• **What you will do**
Give the records again exactly as written. Leave out the pictures.

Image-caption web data
((

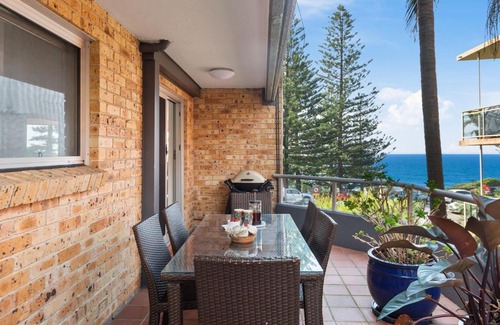 Wollongong CBD Apartment | Oceanview Escape - Idyllic Beachfront Dreaming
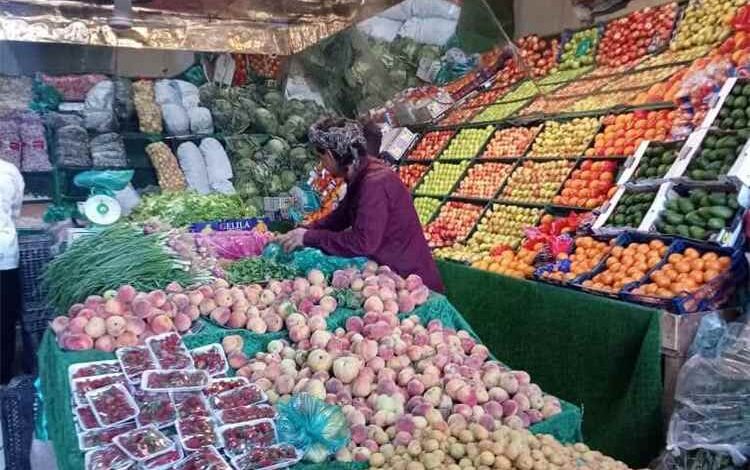 مكتب الصناعة والتجارة بسقطرى يواصل حملاته الرقابية ويضبط مخالفات تموينية وسعرية قبيل عيد الأضحى
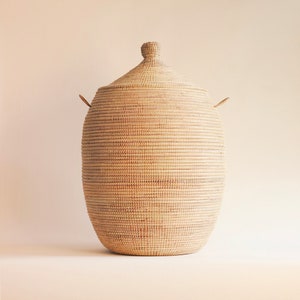 Handcrafted African Basket with Lid - Stylish Storage Solution for Your Home - EGG Beige Large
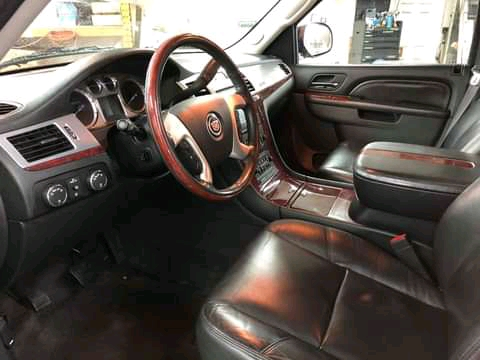 Cadillac Escalade 2011 V8 - Miniature 6
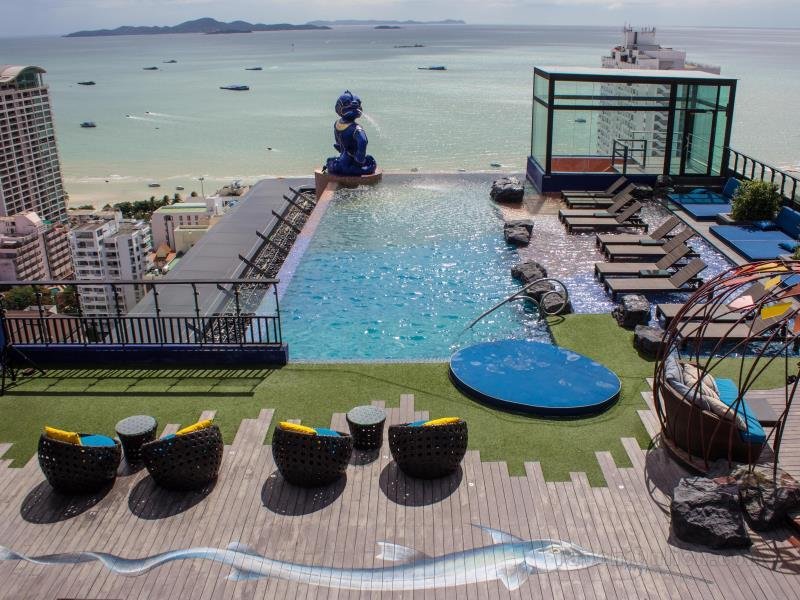 Khách sạn Siam @ Siam Design Pattaya (SHA Plus+)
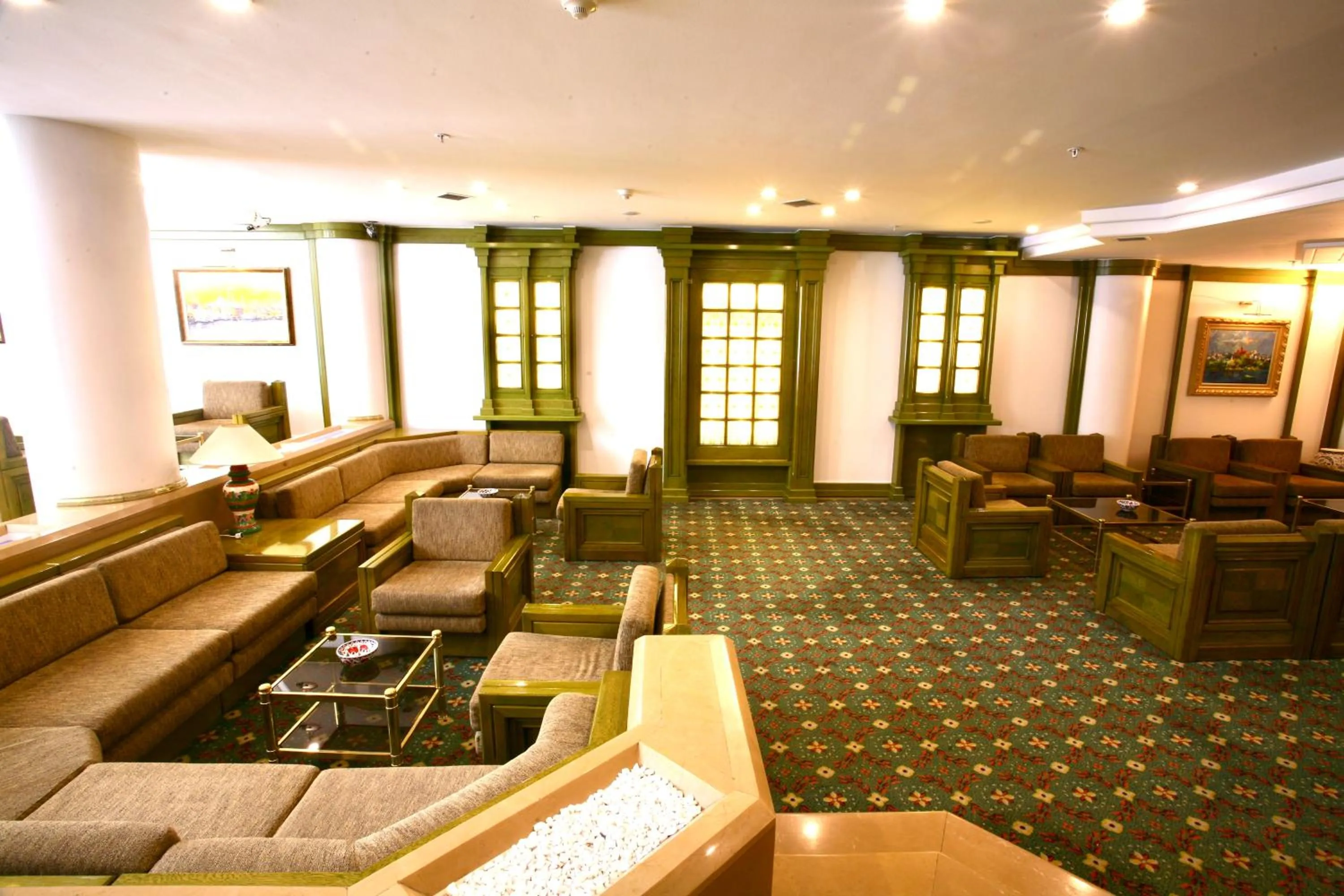 Lobby or reception in Istanbul Royal Hotel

))

• **Result**
 Wollongong CBD Apartment | Oceanview Escape - Idyllic Beachfront Dreaming
 مكتب الصناعة والتجارة بسقطرى يواصل حملاته الرقابية ويضبط مخالفات تموينية وسعرية قبيل عيد الأضحى
 Handcrafted African Basket with Lid - Stylish Storage Solution for Your Home - EGG Beige Large
 Cadillac Escalade 2011 V8 - Miniature 6
 Khách sạn Siam @ Siam Design Pattaya (SHA Plus+)
 Lobby or reception in Istanbul Royal Hotel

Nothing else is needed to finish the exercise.